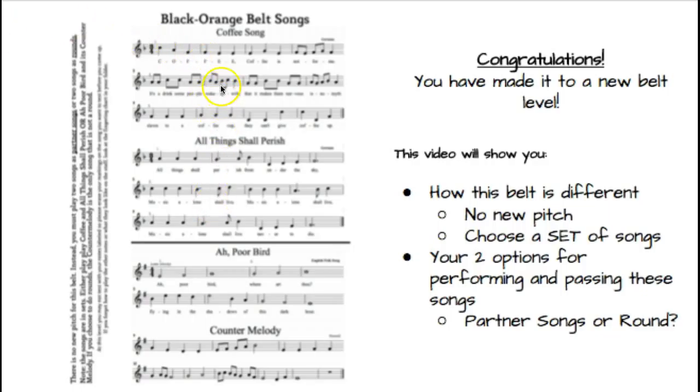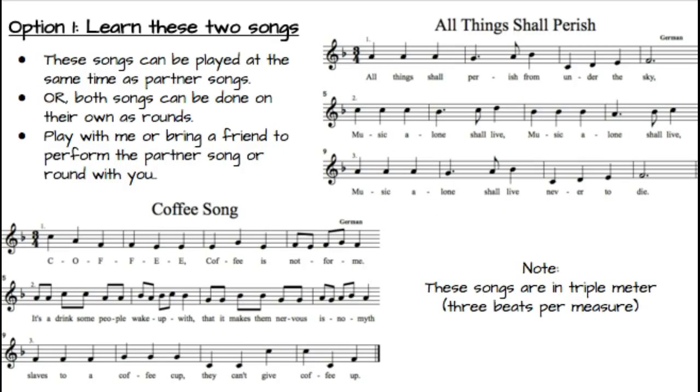You're either going to choose these two songs here, which are in triple meter, or these two songs right here, which are in quadruple meter. Your directions are right here on the side, so when you get your paper it'll be bigger and you'll be able to read that. So let's go over to option number one, set number one — you'll learn these two songs: All Things Shall Perish and the Coffee Song.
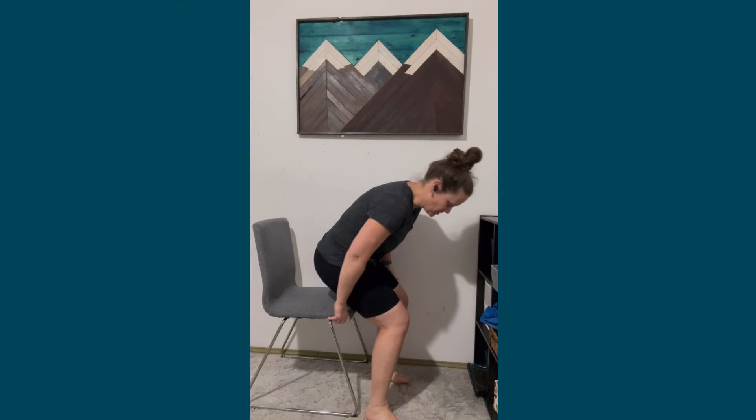This exercise is going to be the best way to get your knee bending, especially in the first few days to the first few weeks after your knee replacement. All you need is a chair and a sitting position. You're going to get in a sitting position and bring your foot back as far as you can on your own.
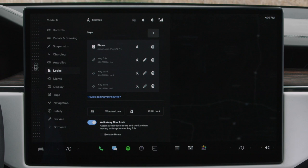You can manage any of your phone keys, key fobs, or backup key cards from this menu.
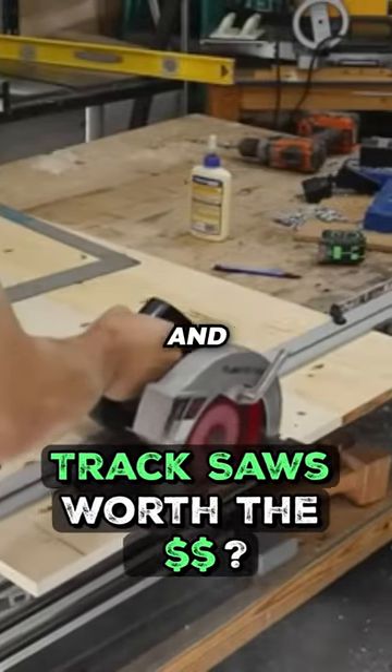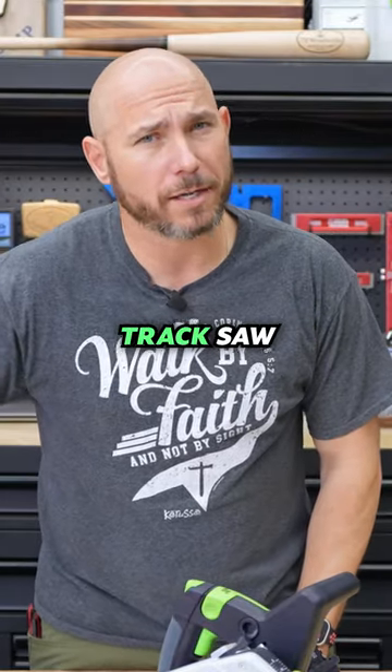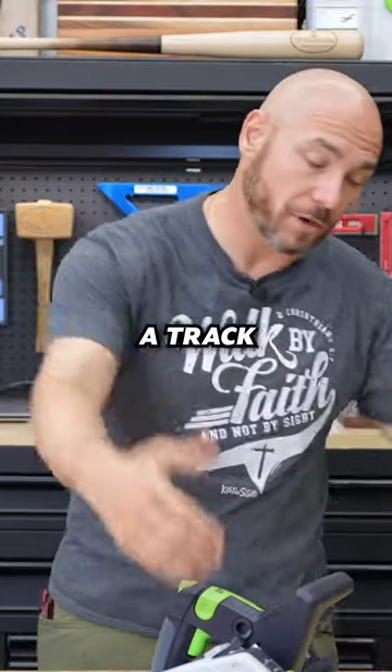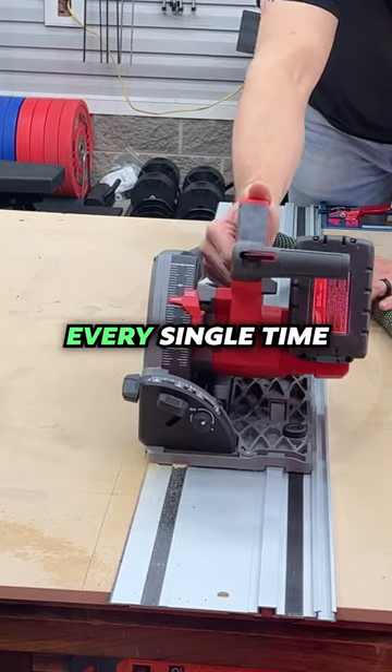I used a straight edge and a circular saw and that worked okay, but it wasn't always perfect, especially on longer runs. Whereas something like a good quality track saw, I've had zero issues with. The reason is because a track saw rides on that track — you're getting a perfectly straight and 90-degree cut on quality track saws every single time.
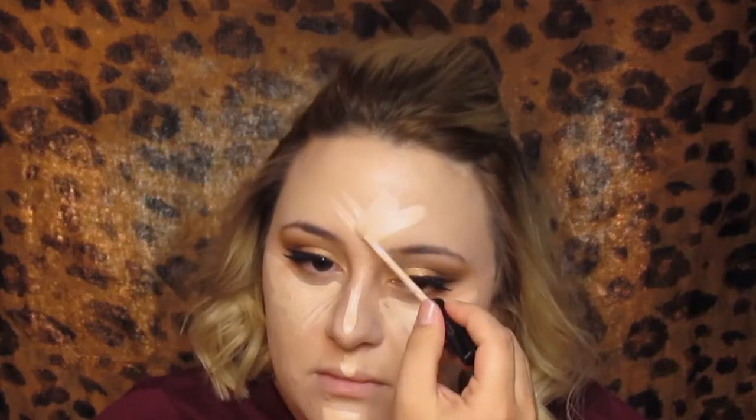Now I'm going to use the Maybelline Fit Me concealer in Fair to conceal my under eyes and also brighten up anywhere I normally would. I'm going to use that right underneath my eyes, on my nose, my cupid's bow, my chin, and my forehead, and blend that out like I normally do.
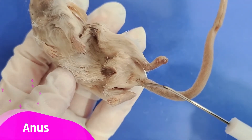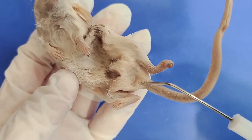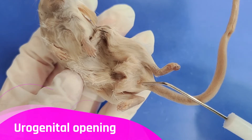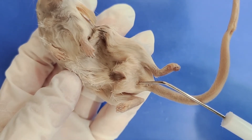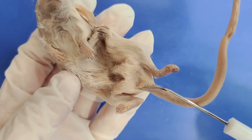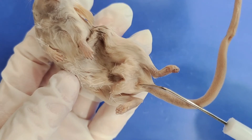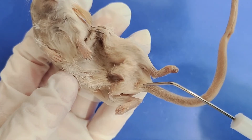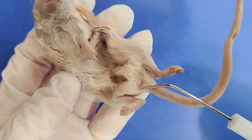Here's the anus, near the base of the tail, which is the exit for the digestive tract. More anterior to that is the urogenital opening, which is the opening for the urinary and reproductive systems. You can determine the sex of a mouse by examining the distance between the urogenital opening and the anus. In males, the two openings will be further apart, but since it's pretty close here, we can tell that this is a female mouse.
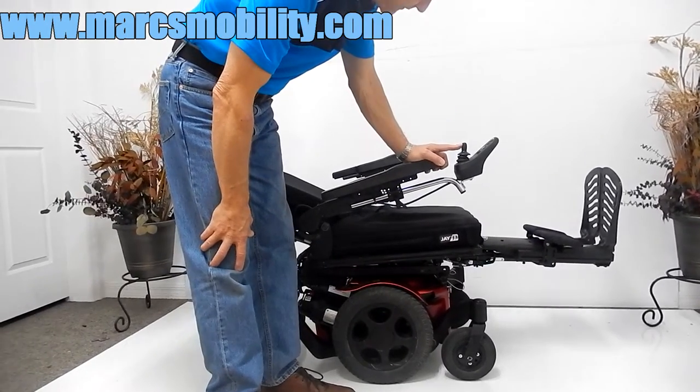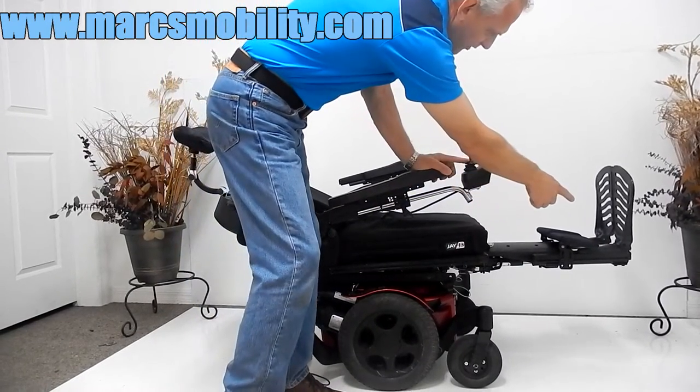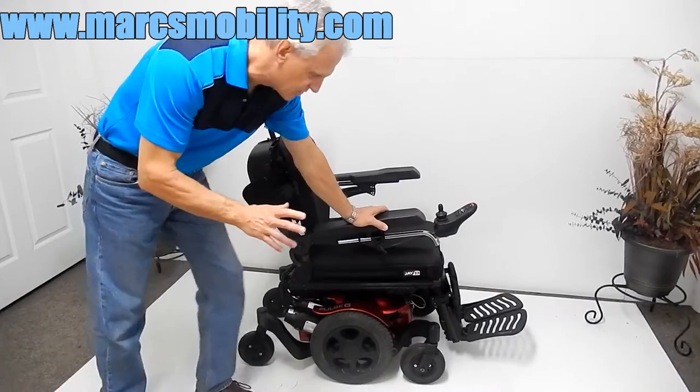You're pretty much laying flat right there. The legs do move forward — as you can see they're moving forward. If you need more length on your legs, there are six wheels on the ground, solid wheels, and very good suspension on this chair.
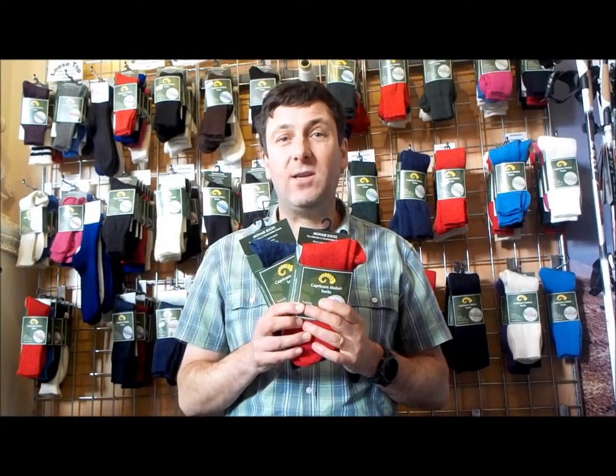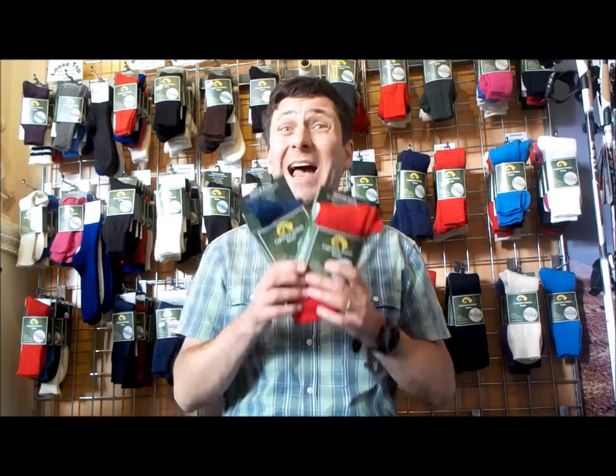Hi, it's John here from Capricorn Mohair Socks. What we're going to do in this short video is look at our Ayrshire sock, which is our golf and sporting sock.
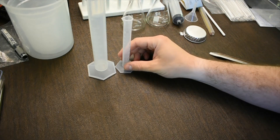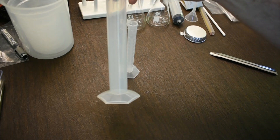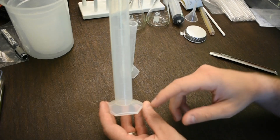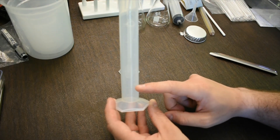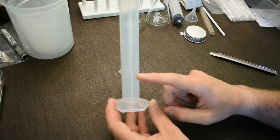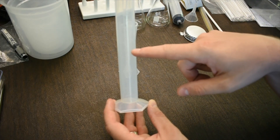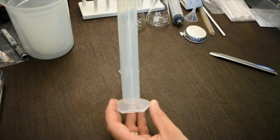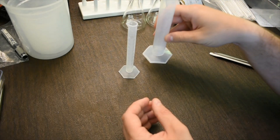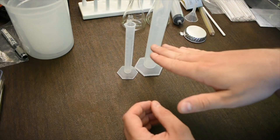The graduated cylinders have nice accurate graduations and are used to measure volume. The large graduated cylinder has a total volume of 50 mils with one-milliliter increments. The larger marks represent five and ten milliliter increments. You can estimate between marks — for example, reading 41.2 mils by looking at the bottom of the meniscus. Keep the cylinder at eye level to prevent parallax.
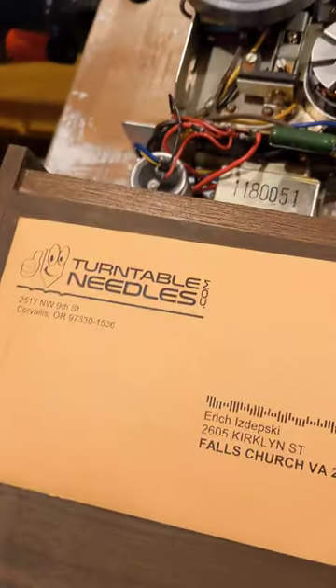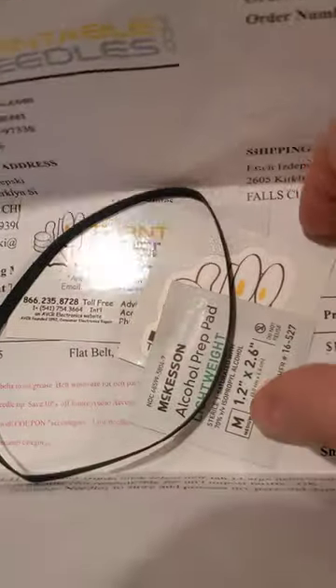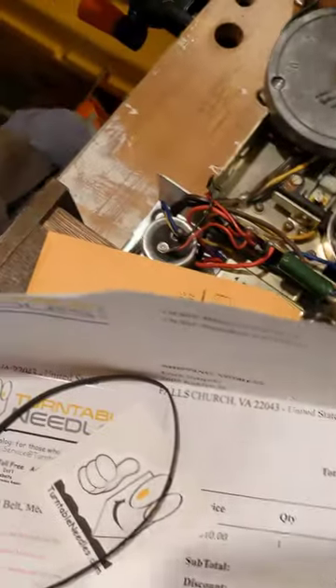I'm replacing the belt with one from Turntable Needles right now. Here's the belt. They sent me a little alcohol prep pad so I can clean off the surface where the belt's going to go.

#### [Your task]
Retype every record above word for word, leaving out any pictures.

#### [Output below]
You're either going to choose these two songs here, which are in triple meter, or these two songs right here, which are in quadruple meter. Your directions are right here on the side, so when you get your paper it'll be bigger and you'll be able to read that. So let's go over to option number one, set number one — you'll learn these two songs: All Things Shall Perish and the Coffee Song.
This exercise is going to be the best way to get your knee bending, especially in the first few days to the first few weeks after your knee replacement. All you need is a chair and a sitting position. You're going to get in a sitting position and bring your foot back as far as you can on your own.
You can manage any of your phone keys, key fobs, or backup key cards from this menu.
I used a straight edge and a circular saw and that worked okay, but it wasn't always perfect, especially on longer runs. Whereas something like a good quality track saw, I've had zero issues with. The reason is because a track saw rides on that track — you're getting a perfectly straight and 90-degree cut on quality track saws every single time.
Now I'm going to use the Maybelline Fit Me concealer in Fair to conceal my under eyes and also brighten up anywhere I normally would. I'm going to use that right underneath my eyes, on my nose, my cupid's bow, my chin, and my forehead, and blend that out like I normally do.
Here's the anus, near the base of the tail, which is the exit for the digestive tract. More anterior to that is the urogenital opening, which is the opening for the urinary and reproductive systems. You can determine the sex of a mouse by examining the distance between the urogenital opening and the anus. In males, the two openings will be further apart, but since it's pretty close here, we can tell that this is a female mouse.
You're pretty much laying flat right there. The legs do move forward — as you can see they're moving forward. If you need more length on your legs, there are six wheels on the ground, solid wheels, and very good suspension on this chair.
Hi, it's John here from Capricorn Mohair Socks. What we're going to do in this short video is look at our Ayrshire sock, which is our golf and sporting sock.
The graduated cylinders have nice accurate graduations and are used to measure volume. The large graduated cylinder has a total volume of 50 mils with one-milliliter increments. The larger marks represent five and ten milliliter increments. You can estimate between marks — for example, reading 41.2 mils by looking at the bottom of the meniscus. Keep the cylinder at eye level to prevent parallax.
I'm replacing the belt with one from Turntable Needles right now. Here's the belt. They sent me a little alcohol prep pad so I can clean off the surface where the belt's going to go.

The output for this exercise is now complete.